Oleh: Joko Intarto
Pemilu masih lama. Hiruk-pikuknya sudah terasa. Warga Nahdiyin jadi rebutan. Mengapa di lingkungan warga Muhammadiyah tenang-tenang saja?
Semua mata politisi tampaknya sedang mengincar ke titik yang sama: Warga Nahdiyin.
Secara teori, hal itu benar. Warga Nahdiyin jumlahnya memang luar biasa besar. Meski tidak ada data pasti, diperkirakan lebih dari 100 juta. Kalau separonya saja yang punya hak suara pada pemilihan umum mendatang, tentu posisi warga Nahdiyin amat menentukan. Siapa yang bisa menggaet suara mereka, besar kemungkinan bakal menjadi juara.

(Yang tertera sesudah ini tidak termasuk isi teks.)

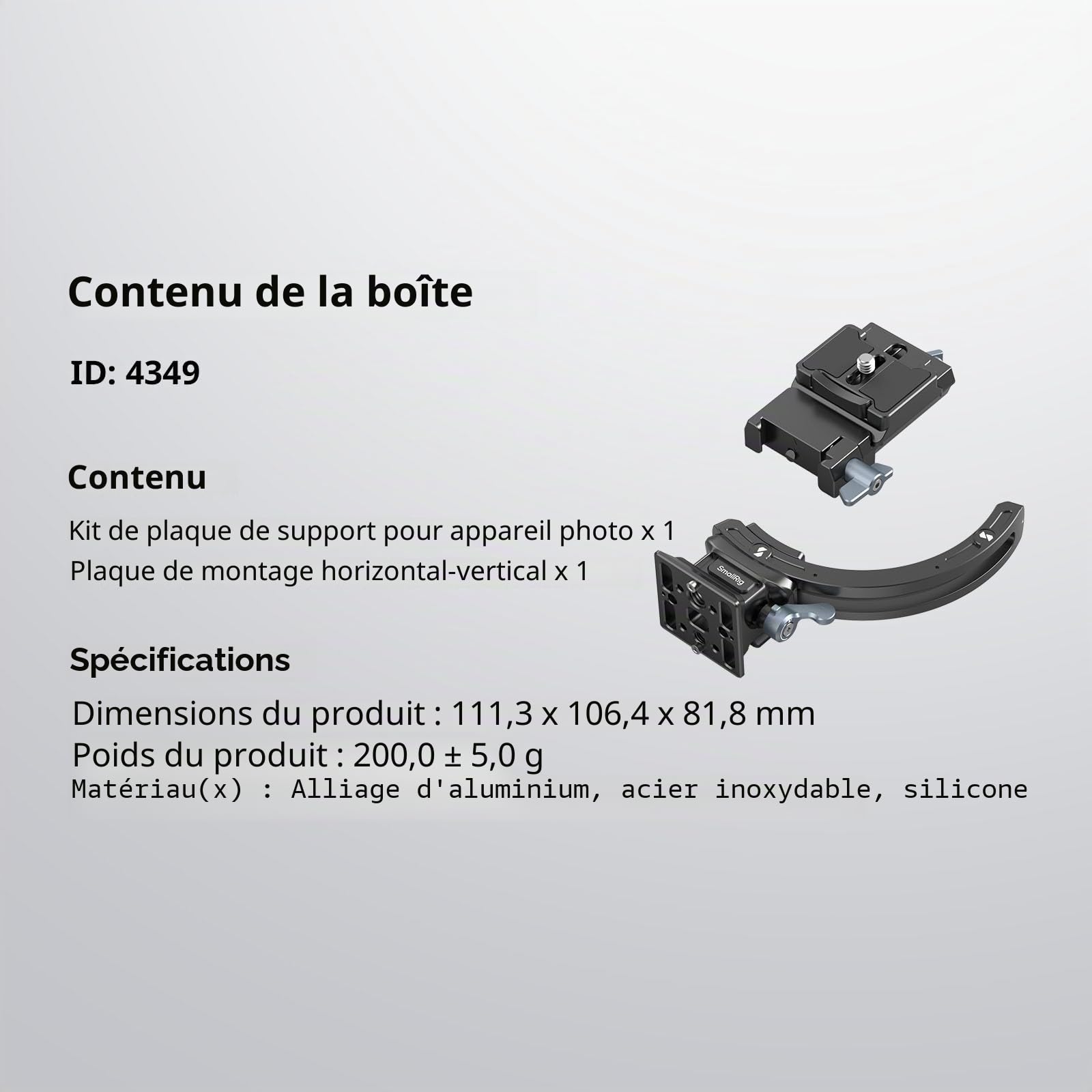 SMALLRIG Kit de Plaque de Montage Horizontale vers Verticale pour Caméra sans Miroir, pour Sony, pour FUJIFILM, pour Nikon, pour Canon, Monture d'objectif avec Plaque à Dégagement Rapide de Arca-4349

Itu teorinya. Namun praktiknya dipastikan tidak mudah. Nahdlatul Ulama sebagai payung organisasi warga Nahdiyin jauh-jauh hari sudah menegaskan. NU bukan parpol. NU melarang seluruh pengurus di semua tingkatan agar tidak ikut-ikutan dalam politik praktis.
Maklumat itu tidak saja ditujukan kepada PKB, partai politik yang lahir dari NU sendiri. NU mendeklarasikan hal itu untuk seluruh partai politik yang akan bertarung dalam pemilihan umum 2024.
Ramai di NU, tenang di Muhammadiyah. Di persyarikatan yang didirikan KH Ahmad Dahlan itu, isu politik tidak begitu heboh. Sepertinya para politisi juga sudah mahfum, Muhammadiyah sejak lama tidak mau lagi dicampuri kepentingan politik praktis para pengurus maupun warganya.
Meski demikian, bukan berarti warga Muhammadiyah apolitik. Buktinya Muhammadiyah pernah melahirkan partai politik: Partai Amanat Nasional. Namun pada perkembangan selanjutnya, Muhammadiyah menarik diri dari kancah politik praktis.
Muhammadiyah mendorong warganya yang ingin berpolitik untuk berdiaspora ke berbagai partai politik yang ada. Di PKS ada warga Muhammadiyah. Di PPP juga ada. Bahkan warga Muhammadiyah juga ada di Golkar, PBB, Gelora, Golkar, Gerindra, PDIP bahkan PSI. Yang belum ditahui, siapa yang bergabung ke PKB.
Sikap Muhammadiyah sebagai ormas Islam untuk membentengi dirinya dari hasrat politik pengurus dan warganya sangat tepat. Sikap netralnya membuat Muhammadiyah ‘’merdeka’’ dari isu-isu politik yang tidak selamanya positif.
Seperti halnya NU, Muhammadiyah juga tidak memiliki data yang akurat tentang jumlah anggota maupun simpatisannya. Setiap kali ditanya jumlah, selalu joke ini jawabannya: Kalau anggota NU 100 juta, Muhammadiyah 5 juta di bawahnya.
Meski cuma jawaban guyon, jumlah anggota Muhammadiyah yang punya hak suara sepertinya bisa mengubah hasil prediksi lembaga survei, kelak di kotak suara. Seperti jurus tendangan tanpa bayangan.